● **ABOUT THIS EXERCISE**:
Where does "pink" occur in the listing? Copy every line that holds it.

● **EXTRACTED MATERIAL**:
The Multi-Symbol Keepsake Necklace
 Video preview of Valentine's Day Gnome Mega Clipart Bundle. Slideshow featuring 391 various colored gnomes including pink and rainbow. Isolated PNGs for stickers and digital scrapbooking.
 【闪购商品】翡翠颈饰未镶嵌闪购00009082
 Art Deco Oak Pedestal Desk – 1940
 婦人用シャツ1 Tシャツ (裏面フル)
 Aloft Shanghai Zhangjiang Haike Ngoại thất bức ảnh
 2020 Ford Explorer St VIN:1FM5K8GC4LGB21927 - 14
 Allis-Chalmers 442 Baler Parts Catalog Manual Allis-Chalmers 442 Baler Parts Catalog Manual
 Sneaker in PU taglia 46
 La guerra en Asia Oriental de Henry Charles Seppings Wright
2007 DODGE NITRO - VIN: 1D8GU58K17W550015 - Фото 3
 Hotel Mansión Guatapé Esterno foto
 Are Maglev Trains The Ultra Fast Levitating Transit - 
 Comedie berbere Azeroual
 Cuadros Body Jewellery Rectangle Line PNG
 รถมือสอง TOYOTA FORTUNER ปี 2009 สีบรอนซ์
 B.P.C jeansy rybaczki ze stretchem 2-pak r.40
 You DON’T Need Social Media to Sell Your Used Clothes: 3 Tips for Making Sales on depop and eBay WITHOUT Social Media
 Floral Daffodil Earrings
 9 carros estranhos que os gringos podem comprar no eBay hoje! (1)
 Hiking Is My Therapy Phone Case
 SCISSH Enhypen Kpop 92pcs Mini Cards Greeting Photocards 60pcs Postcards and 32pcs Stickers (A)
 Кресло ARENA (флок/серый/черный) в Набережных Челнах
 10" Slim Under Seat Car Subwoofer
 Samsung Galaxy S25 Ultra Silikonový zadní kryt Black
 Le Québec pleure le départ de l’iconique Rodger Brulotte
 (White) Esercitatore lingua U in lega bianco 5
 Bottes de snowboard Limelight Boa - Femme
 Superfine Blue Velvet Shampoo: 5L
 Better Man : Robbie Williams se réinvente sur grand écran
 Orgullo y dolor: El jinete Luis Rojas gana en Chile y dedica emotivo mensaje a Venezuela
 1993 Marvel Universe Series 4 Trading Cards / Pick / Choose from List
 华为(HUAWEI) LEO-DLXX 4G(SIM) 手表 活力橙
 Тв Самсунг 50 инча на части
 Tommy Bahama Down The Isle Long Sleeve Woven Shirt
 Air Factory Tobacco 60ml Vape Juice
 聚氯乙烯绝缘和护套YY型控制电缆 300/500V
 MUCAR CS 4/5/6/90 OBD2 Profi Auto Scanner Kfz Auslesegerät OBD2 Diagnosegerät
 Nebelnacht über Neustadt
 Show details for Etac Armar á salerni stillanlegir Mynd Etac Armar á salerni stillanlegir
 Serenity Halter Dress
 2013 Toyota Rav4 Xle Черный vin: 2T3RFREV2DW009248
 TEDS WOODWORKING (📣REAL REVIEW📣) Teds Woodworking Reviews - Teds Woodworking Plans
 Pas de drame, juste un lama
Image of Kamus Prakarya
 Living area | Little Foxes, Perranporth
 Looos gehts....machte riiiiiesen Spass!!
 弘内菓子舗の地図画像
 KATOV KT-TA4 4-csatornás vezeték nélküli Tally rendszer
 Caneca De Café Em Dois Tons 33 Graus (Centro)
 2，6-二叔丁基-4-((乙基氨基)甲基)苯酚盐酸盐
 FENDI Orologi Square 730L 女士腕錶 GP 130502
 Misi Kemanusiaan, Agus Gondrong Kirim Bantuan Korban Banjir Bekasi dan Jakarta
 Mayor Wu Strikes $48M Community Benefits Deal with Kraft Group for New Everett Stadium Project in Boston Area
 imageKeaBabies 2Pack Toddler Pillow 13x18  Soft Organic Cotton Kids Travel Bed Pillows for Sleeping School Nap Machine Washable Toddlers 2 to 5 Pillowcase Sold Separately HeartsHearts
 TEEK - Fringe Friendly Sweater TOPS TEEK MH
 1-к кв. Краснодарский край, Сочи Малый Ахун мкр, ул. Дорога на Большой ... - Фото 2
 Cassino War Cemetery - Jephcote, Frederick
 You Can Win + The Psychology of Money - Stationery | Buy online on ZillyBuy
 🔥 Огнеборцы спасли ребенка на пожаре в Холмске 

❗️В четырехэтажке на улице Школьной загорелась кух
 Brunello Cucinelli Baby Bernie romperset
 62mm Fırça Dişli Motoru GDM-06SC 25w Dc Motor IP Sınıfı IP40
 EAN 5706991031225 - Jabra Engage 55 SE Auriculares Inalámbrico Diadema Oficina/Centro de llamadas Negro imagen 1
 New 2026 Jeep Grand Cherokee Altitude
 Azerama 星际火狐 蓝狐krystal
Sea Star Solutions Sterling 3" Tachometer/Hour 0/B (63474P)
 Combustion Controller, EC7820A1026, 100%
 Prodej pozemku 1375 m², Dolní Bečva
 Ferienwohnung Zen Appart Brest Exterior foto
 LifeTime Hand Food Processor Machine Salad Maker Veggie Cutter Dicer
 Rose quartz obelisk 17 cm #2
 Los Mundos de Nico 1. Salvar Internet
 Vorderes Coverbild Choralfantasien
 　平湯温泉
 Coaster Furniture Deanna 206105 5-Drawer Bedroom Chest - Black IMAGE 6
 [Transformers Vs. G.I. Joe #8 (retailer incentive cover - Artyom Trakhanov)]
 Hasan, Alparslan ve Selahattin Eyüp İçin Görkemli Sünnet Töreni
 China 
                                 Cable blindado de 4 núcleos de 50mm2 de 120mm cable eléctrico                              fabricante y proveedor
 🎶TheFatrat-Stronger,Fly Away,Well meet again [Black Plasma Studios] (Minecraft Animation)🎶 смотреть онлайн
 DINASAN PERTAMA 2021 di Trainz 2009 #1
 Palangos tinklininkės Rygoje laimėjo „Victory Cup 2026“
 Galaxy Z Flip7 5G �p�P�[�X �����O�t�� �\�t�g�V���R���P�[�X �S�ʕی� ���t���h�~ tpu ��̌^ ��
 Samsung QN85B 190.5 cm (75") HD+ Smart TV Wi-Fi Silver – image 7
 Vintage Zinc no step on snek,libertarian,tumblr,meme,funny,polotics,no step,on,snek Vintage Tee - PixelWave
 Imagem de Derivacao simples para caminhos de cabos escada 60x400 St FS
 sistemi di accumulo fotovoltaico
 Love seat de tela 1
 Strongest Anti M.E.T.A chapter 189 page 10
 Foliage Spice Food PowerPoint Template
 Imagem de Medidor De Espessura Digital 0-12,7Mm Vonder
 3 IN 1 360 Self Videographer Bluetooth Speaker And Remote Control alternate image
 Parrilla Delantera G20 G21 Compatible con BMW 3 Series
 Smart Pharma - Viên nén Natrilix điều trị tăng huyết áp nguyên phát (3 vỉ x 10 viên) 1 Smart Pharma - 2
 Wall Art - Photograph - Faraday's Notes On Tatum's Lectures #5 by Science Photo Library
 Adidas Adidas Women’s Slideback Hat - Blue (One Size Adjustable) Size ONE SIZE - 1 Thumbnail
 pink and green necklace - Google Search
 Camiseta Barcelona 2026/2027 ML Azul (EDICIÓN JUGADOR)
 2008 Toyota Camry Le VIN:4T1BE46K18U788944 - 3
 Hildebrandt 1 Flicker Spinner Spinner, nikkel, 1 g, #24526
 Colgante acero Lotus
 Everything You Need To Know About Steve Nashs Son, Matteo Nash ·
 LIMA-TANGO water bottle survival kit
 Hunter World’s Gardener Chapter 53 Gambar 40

● **SOLUTION TO THIS EXERCISE**:
 Video preview of Valentine's Day Gnome Mega Clipart Bundle. Slideshow featuring 391 various colored gnomes including pink and rainbow. Isolated PNGs for stickers and digital scrapbooking.
 pink and green necklace - Google Search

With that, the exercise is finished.